23 novembre 2008 7 23 /11 /novembre /2008 14:34
Françoise Chatot : « Je ne veux pas faire du "théâtre- musée"»

A la tête du Gyptis à Marseille, avec Andonis Vouyoucas, Françoise Chatôt met en scène en son théâtre Les Caprices de Marianne d'Alfred de Musset. Avec la conviction que le romantisme d'hier, celui de ce XIXe siècle post-napoléonien, trouve un large écho dans la désespérance des jeunes d'aujourd'hui. Interview.

Rock et hip hop sont, notamment, annoncés dans vos partis pris de mise en scène de la pièce de Musset. N'est-ce pas osé ?

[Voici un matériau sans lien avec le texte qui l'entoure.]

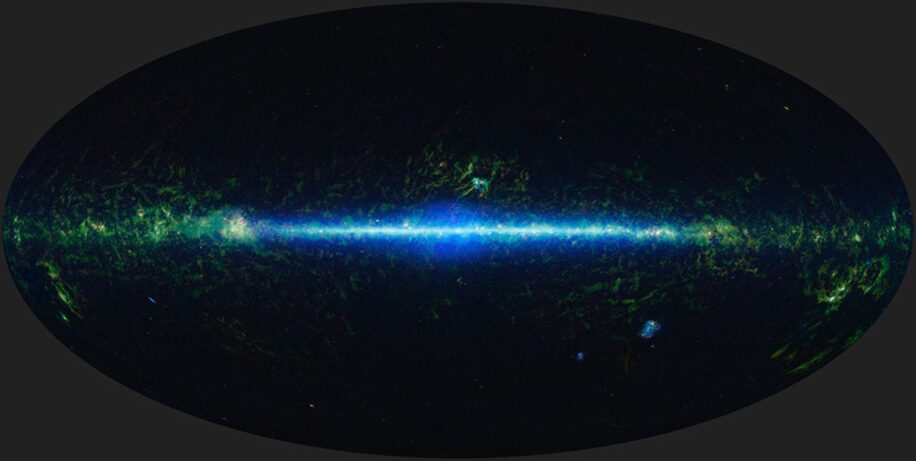 time lapse 12 ans NASA ciel nocturne complet couv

Françoise Chatôt : Je tiens à dire que je ne tire jamais une pièce, un texte, vers le contemporain uniquement pour faire moderne. Que cela soit clair. Mais pour chacun des projets pour lesquels je m'engage, j'entreprends un travail d'échange avec l'équipe, et de recherche. Ici avec Musset et « Les Caprices… », on repère très vite les rapprochements possibles entre les deux époques, celle d'aujourd'hui et celle d'il y a près de deux siècles. Notamment cette désespérance qui touche surtout la jeunesse. Le grand père d'Alfred de Musset baignait encore dans les idées des Lumières, le père vivait la Révolution et l'Empire. Mais pour le jeune Alfred, c'était une période de censure, de l'emprise du clergé, de la police. L'ennui, donc. Aujourd'hui, l'horizon d'une grande partie de la jeunesse s'appelle le chômage, la mort des idéologies, etc. La mélancolie, la désespérance y trouvent un terrain favorable...

Mais le rock... ?

Le déclic s'est produit quand j'ai revu le film de Gus Van Sant « Last days » qui évoque le suicide de la rock star Kurt Cobain. Le rapprochement avec la trajectoire de Coelin, l'amoureux transi de Marianne dans la pièce, m'est apparu évident. Sa mélancolie va le conduire aussi vers la mort. C'est de là que m'est venue l'idée d'introduire du rock dans le spectacle.

Y a-t-il d'autres marques ou indices de modernité dans cette production des « Caprices de Marianne » ?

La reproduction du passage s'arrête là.